Use a high-performance reflection package, such as ReflectASM

Caches reflected objects to avoid repeated retrieval from bytecode each time. (cache! Cache!)

Method reflection can be set method.setaccessible (true) to turn off the security check.

Instead of using getMethods() and then iterating through the filter, use getMethod(methodName) to getMethods by methodName

Leveraging reflection optimization (JIT) in the hotspot VIRTUAL Machine

References:

Segmentfault.com/q/101000000…

www.cnblogs.com/coding-nigh…

Q: Does a method object retrieved by reflection return a reference to the method object or a copy of the method object?

A: When reflection takes A method object, it makes A copy rather than returning A reference directly, so it’s better to cache the same method that is used frequently rather than looking it up every time.

Q:

After getMethods(), you can traverse the method yourself

And getMethod(methodName), why the performance difference?

A:

When getMethods() returns an array of methods, each method is copied once.

GetMethod (methodName) only returns a copy of that method, and that’s where the performance difference is.

Q:

There is actually a cache inside the JVM when the method is retrieved, but it still makes a copy when it is returned externally.

Is the method’s cache persistent?

A:

It is not persistent and will be reclaimed when memory runs out.
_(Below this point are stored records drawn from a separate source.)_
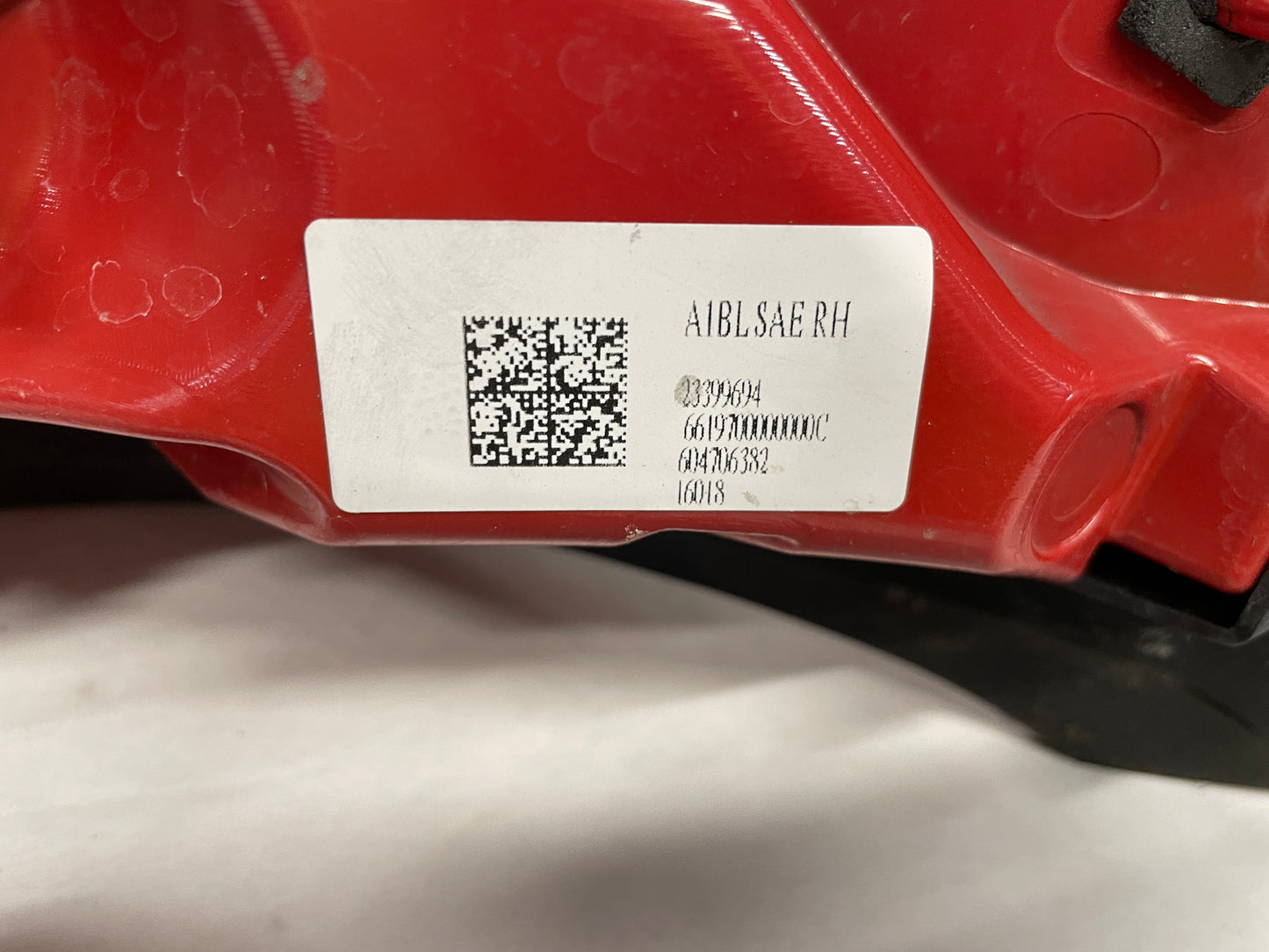 2016 Cadillac ATS-V Coupe Rear RH Passenger Tail Light Tail Light Lamp OEM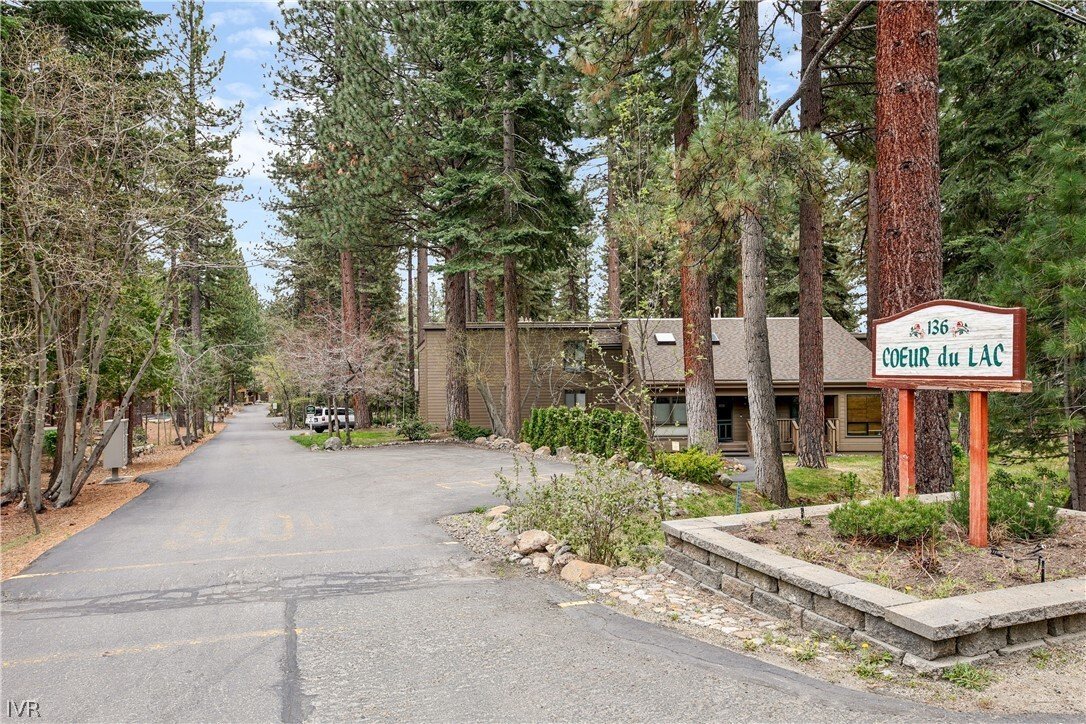 Condo in Incline Village, Nevada, United States 2 - 17882917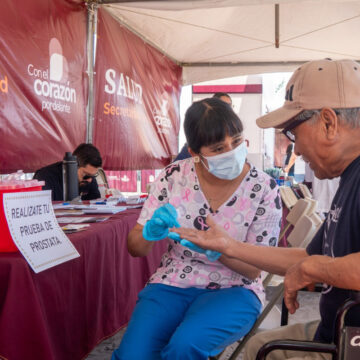 3 Realizan más de 8 mil pruebas gratuitas de cáncer de próstata anualmente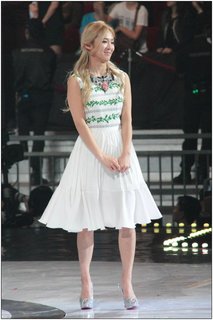 Hyoyeon feet photo 17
The source code is as follows:

private Class.ReflectionData<T> reflectionData() { SoftReference<Class.ReflectionData<T>> reflectionData = this.reflectionData; int classRedefinedCount = this.classRedefinedCount; Class.ReflectionData rd; return reflectionData ! = null && (rd = (Class.ReflectionData)reflectionData.get()) ! = null && rd.redefinedCount == classRedefinedCount ? rd : this.newReflectionData(reflectionData, classRedefinedCount); }Copy the code

You can see that this is a soft reference.

Soft reference definition:

The memory could be recycled, but also can pass – XX: SoftRefLRUPolicyMSPerMB parameters control the timing of the recovery, as long as the GC will be its recovery, if reflectionData recycled after execution reflection method, That would have to be recreated using the newReflectionData method

Q: Is reflection thread-safe?

A: It is thread-safe. To retrieve reflected data, go through CAS. The CAS concept can be seen in the section multithreading.

Q:

A Ordinary method call

B Reflection method call

C Disables the reflection method call for security check, and the performance difference is as follows:

What is the performance difference between b reflection method calls and C reflection method calls with security checks turned off?

What is the performance difference between normal method calls and reflective method calls that turn off security checks?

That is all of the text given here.